Angara: Pilot tests for face-to-face classes needed before nationwide resumption

Published February 28, 2021, 4:30 PM

by Hannah Torregoza 

With two brands of COVID-19 vaccines ready for roll out in the Philippines, Senator Juan Edgardo “Sonny” Angara said the Department of Education (DepEd) should consider conducting pilot implementation of face-to-face classes in areas with very few or zero cases of COVID-19 to see how it would work.

Friday, March 13, marked the last day of school for students in Iloilo City after the local government is suspending classes on March 16-31, 2020. (Tara Yap/Manila Bulletin File photo)
(Tara Yap/Manila Bulletin File photo)

Angara said that while he supports calls for the resumption of face-to-face classes, it is imperative for the government to conduct pilot testing first but only in areas where physical distancing and efficient health protocols can be strictly observed.

Should DepEd pursue the pilot implementation of face-to-face classes, Angara said these should also be done in areas that have strong health systems so they are able to handle possible outbreaks in case there is a “super spreader” event.

The local government unit (LGUs) that would be part of the pilot testing should also be ready with health facilities such as hospitals that are capable of handling a large number of cases—from isolation to treatment.

 “If DepEd decides to roll out face-to-face classes, this must be done very, very carefully and only with limited number of participants and in under very controlled conditions first,” Angara said in a statement.

A COVID-19 survivor himself, the senator noted there have been reported cases in other classes where face-to-face classes served as “super spreader” events.

“We badly want to resume face-to-face classes but be that as it may, the President has spoken that until there is no vaccine, we cannot start with face-to-face classes nationwide,” he pointed out.

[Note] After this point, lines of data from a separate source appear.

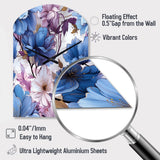 Mystical Aura Blue And Purple Floral Pattern - Asymmetric Metal Wall Clock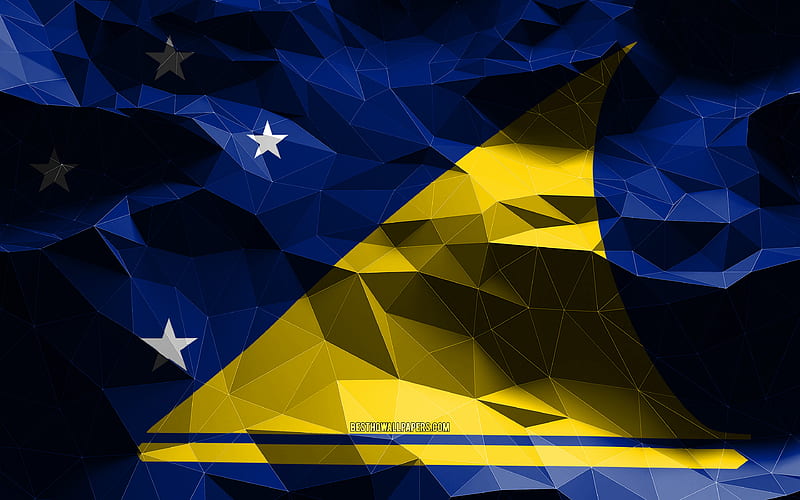 Tokelau flag, low poly art, Oceanian countries, national symbols, Flag of Tokelau, 3D flags, Tokelau, Oceania, Tokelau 3D flag, HD wallpaper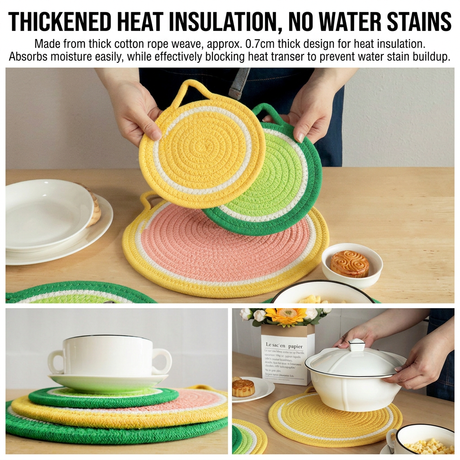 3-Piece Avocado Inspired Kitchen Heat Resistant Set with 18cm & 30cm Round Cotton Rope Woven Trivets + 1 Pair Duckbill Oven Mitt - Foldable Table Protection Mats and Green Polka Dot Cooking Gloves, Perfect for Home Baking and Cooking Lover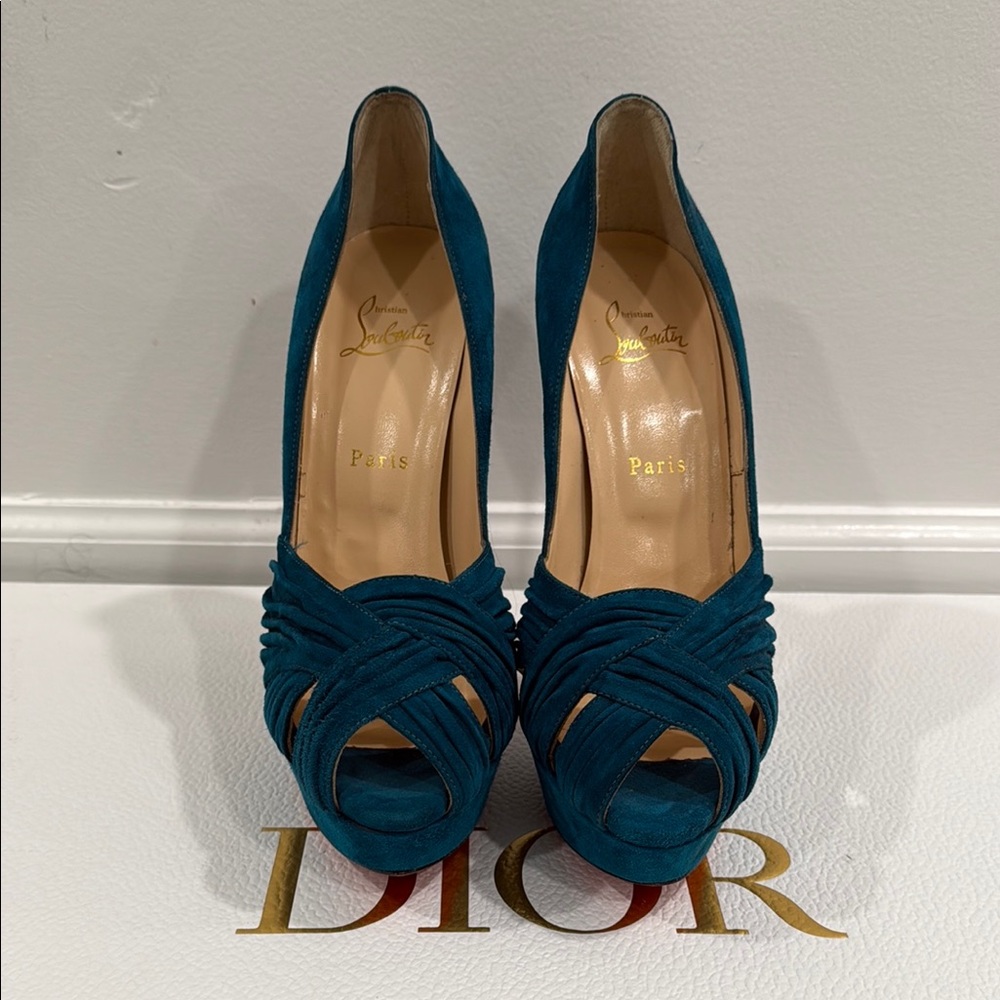 Christian Louboutin Deep Blue Peep-Toe Heels
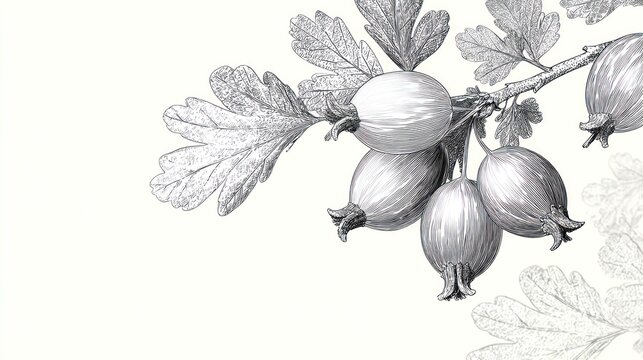 Detailed grayscale drawing of gooseberries and leaves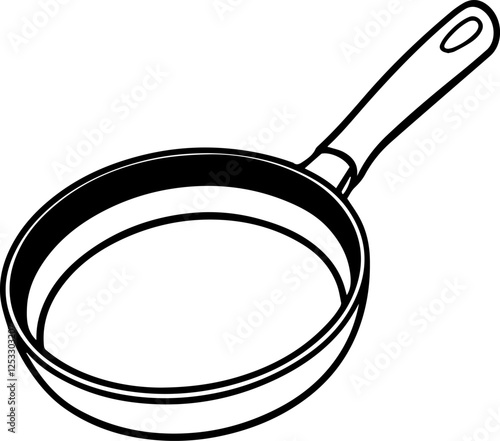 Frying Pan Line Art Vector | Outline Illustration for Coloring Book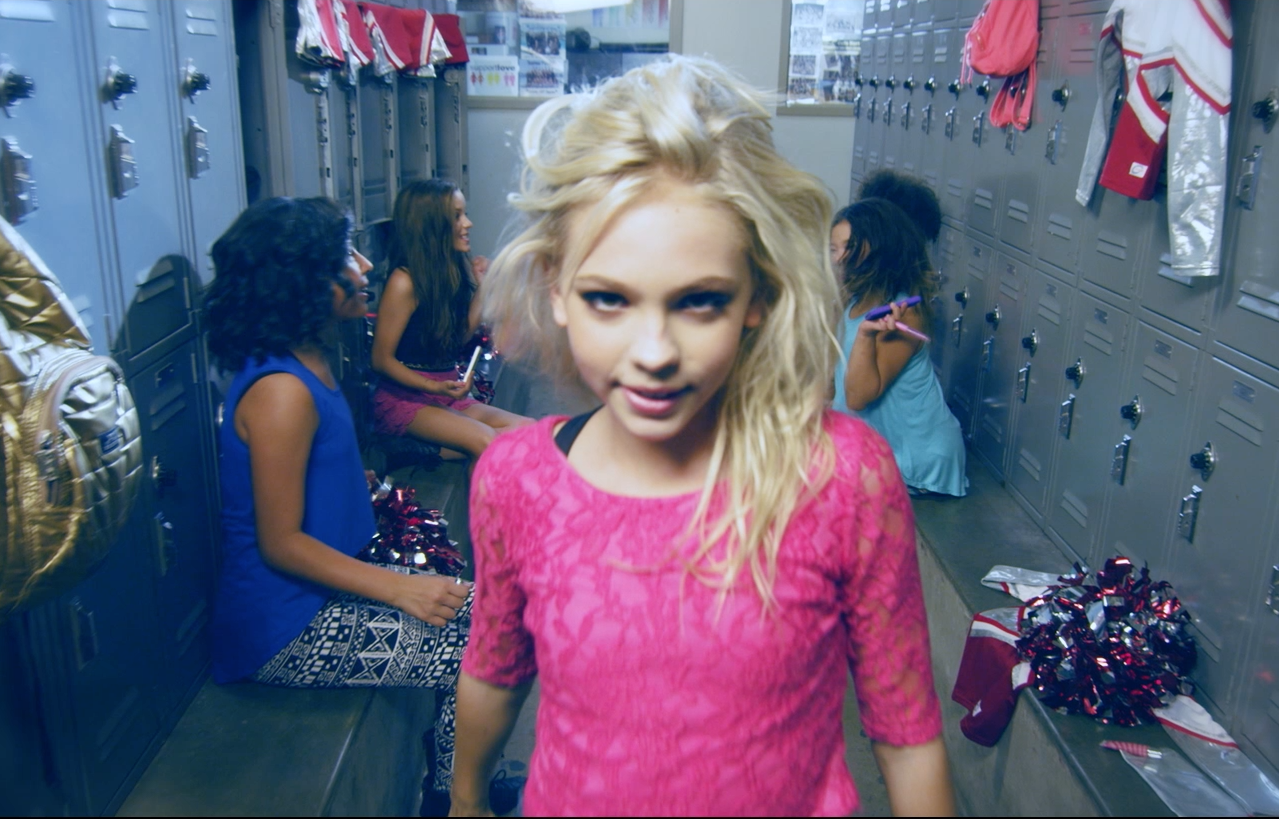 Jordyn Jones in her music video cover of the song "Lip Gloss" by Lil Mama.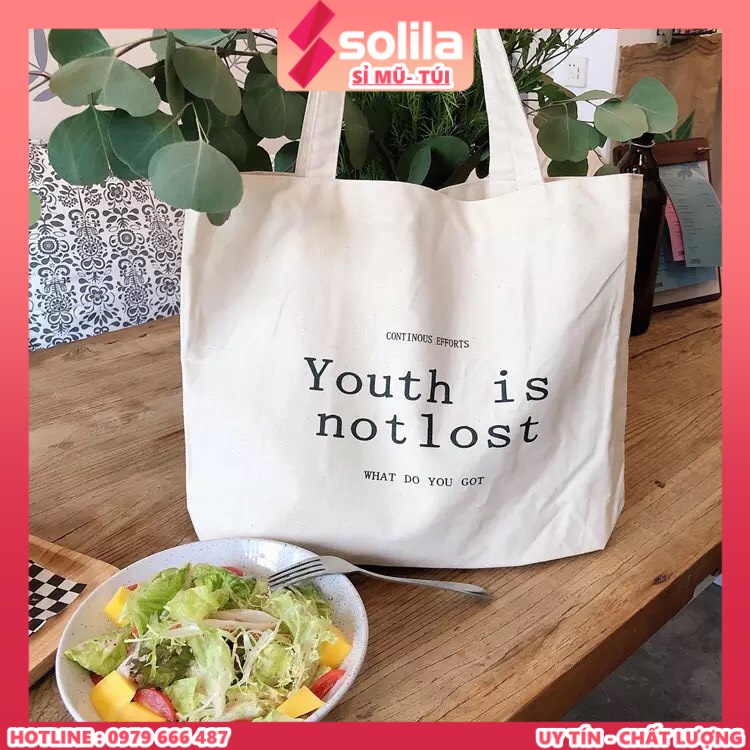 Túi vải canvas cao cấp đeo vai Youth Is Not Lost khổ vuông cá tính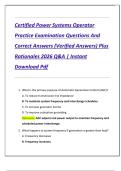 Certified Power Systems Operator  Practice Examination Questions And  Correct Answers &lpar;Verified Answers&rpar; Plus  Rationales 2026 Q&A &vert; Instant  Download Pdf 
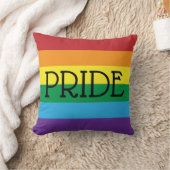 虹6色、プライドブラック文字カスタマイズ クッション (ブランケット)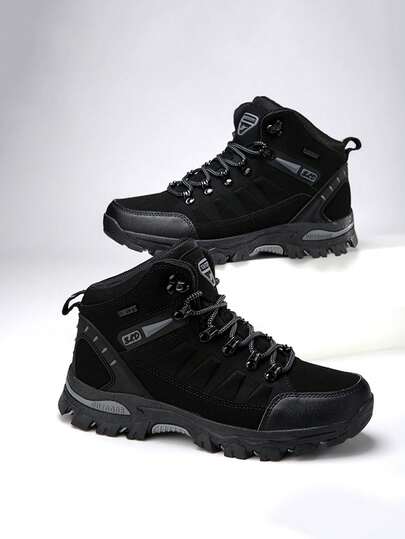 男士靴子登山鞋工作鞋防刺穿防滑厚底系带踝靴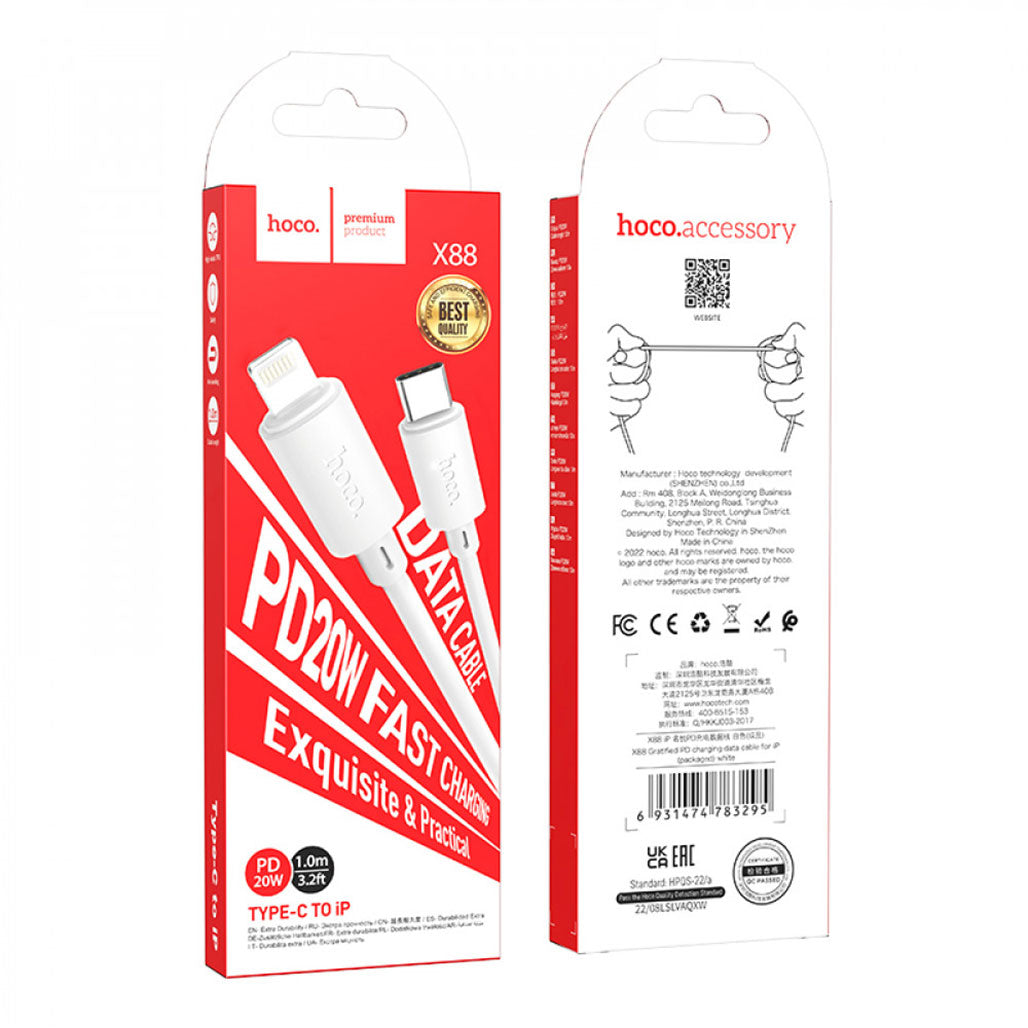 Hoco X88 Lightning To USB-A Cable - 20W - 1M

Angara said it is inevitable for children to avoid having close interactions with each other especially in an indoor setting.

So a handful of infected students could easily spread the virus to other children and they in turn, could infect other persons within their household and their community, the lawmaker pointed out.

“But if ever we do decide, before going on a nationwide rollout of face-to-face classes, let’s choose one or two provinces for the pilot testing,” he reiterated.